The odd thing is that this old-time street has managed to survive in what is the most modern and active neighborhood in Tokyo : Shinjuku. Shinjuku, for starters, is a hot spot of Tokyo's evening life (partly red-light district), a shopping area and one of the major train/metro hubs of the world, and Japan's first : just think that it handles 3,6 million commuters per day... Not really a forgotten stretch of shitamachi like in the vicinity of Minowa or Ueno where it would be less surprising to find remnants of the old ways.
The gate sign here calls the alley with its other name : Omoide Yokocho or memory lane. In spite of their modernity, the japanese people like to look with nostalgy on long-gone times, that's why this name, which is also more respectable than the other infamous one.
You almost always have the traditional Oden, also called Nikomi (stewed), a sort of pot au feu or soup with all sort of things foating in.
We went there with Anna one evening and this stand was irrestibly attracting us bur alas although we waited a while and walked up and down, it kept being full, these company employees were having fun and were there for long. There would have been maybe a seat in the end of the counter for one person, but not for us three. That's why I think it's good to come with as few people as you can here.
The two vintage drinking areas are also quite different by nature, Golden Gai being more into the 1960s' with music bars and so on, and the bill can be pretty high at Golden Gai, while at Piss Alley if you keep with regular yakitoris (outside of horse penis or frog sashimi), you should get a very reasonable bill. We ordered a couple of sake and something to eat and paid some 1200 Yen each (8,4 € or 11,5 USD).
For all these restaurants, I've been wondering how they do when someone seated at the bottom want to get out, do the others in front of him have to leave briefly to open his way ? Maybe not but better not be overweight if you have to sneak your way behind those backs to an empty seat in the back...
The young woman seated on the front is having a cigarette, showing that smoking in izakayas is pretty admitted.
This venue is named Isuzu and Komatu, they have a menu in Eglish, here are a few prices :
Bers from 400 Y to 550 Y; Sake hot or cold (hakuturu, Kennbishi, Kikumasamune) 350 Y; Sake bottle (300ml) 700 Y; Whisky (Suntory kaku) 350 Y to 600 Y; A few Japanese spirits like Genkai made from barley (300 Y), Dandan made from potatoes (350 Y), Kurokirishima made from potatoes (400 Y), Umeshu made from plum (350 Y). There are also a few soft drinks an tea.

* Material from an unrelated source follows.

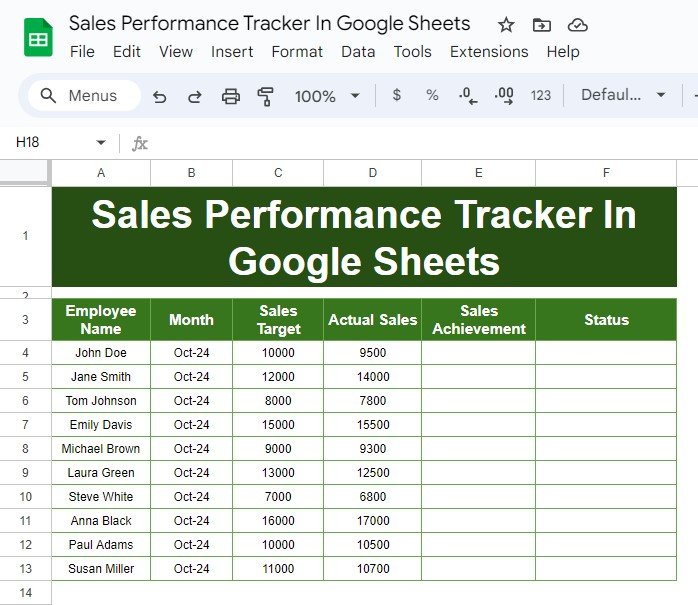 Sales Performance in Google Sheets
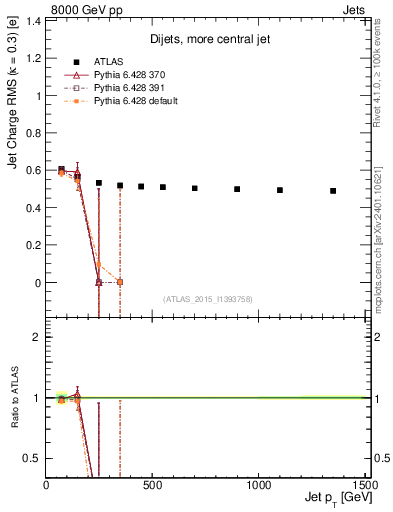 Plot of j.c.rms-vs-j.pt in 8000 GeV pp collisions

Yakitori side, they had sets with 5 skewels, each set costing a mere 500 Y. These yakitori were made from pork (meat, meat & onion, liver, heart, tongue, intestine and cartilage), chicken (meat & onion, gizzard), or vegetable only (mushroom, small green pepper, green onion, sweet pepper). They had a few other side dishes costing from 200 to 450 Y and more on the other side of this menu.